The Lineage Problem: Iran Learned From Israel
There is a deeper irony threaded through the LUCAS story. The drone America reverse-engineered from Iran is itself a reverse-engineered weapon. The Shahed-136's distinctive delta-wing design closely mirrors Israel's IAI Harpy loitering munition, first introduced in 1988. Iran studied the Harpy, copied the airframe concept, built the Shahed, sold it to Russia, and watched Russia deploy it against Ukraine — where U.S. forces observed thousands of combat sorties, documenting performance data.
That data informed LUCAS. Which means the weapon America fired at Iran on February 28 carries, in its engineering DNA, the design legacy of an Israeli weapon that Iran itself copied decades earlier. The drone lineage — Israel to Iran to America and back to Iran — is a remarkable artifact of how military technology diffuses across geopolitical lines.
"We took them back to America, made them better, and fired them right back at Iran," Adm. Cooper said in a March 3 CENTCOM post. It was a pointed line — and an accurate one.
What Comes Next for Loitering Munitions
The combat debut of LUCAS marks a strategic inflection point, not just a tactical one. The U.S. military now has a confirmed doctrine — cheap, attritable, AI-guided, swarm-capable — and a fielded weapon system operating under that doctrine in live combat. What comes next is scaling.

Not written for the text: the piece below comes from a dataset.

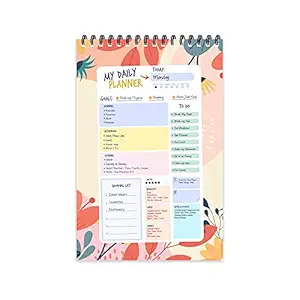 Art Flowers Theme Daily Planner Diary (A5 Size - 8.5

CENTCOM's December statement described LUCAS as compatible with "catapults, rocket-assisted takeoff, and mobile ground and vehicle systems" — meaning it can be deployed from virtually any operational environment without fixed infrastructure. That flexibility is essential in a Pacific context, where contested island chains and dispersed logistics create exactly the conditions where cheap loitering munitions outperform expensive cruise missiles.
The broader implication: every major military operation the U.S. undertakes going forward will likely feature swarms of low-cost AI-guided loitering munitions alongside traditional precision strike packages. LUCAS is the proof of concept. The production ramp is the next test — and at $35,000 a unit, the math supports building them fast and in quantity.
For Iran, the lesson is brutal in its simplicity. The weapons they seeded globally — through Russia in Ukraine, through proxies across the Middle East — have now returned home, improved, and in the hands of the country they were designed to threaten.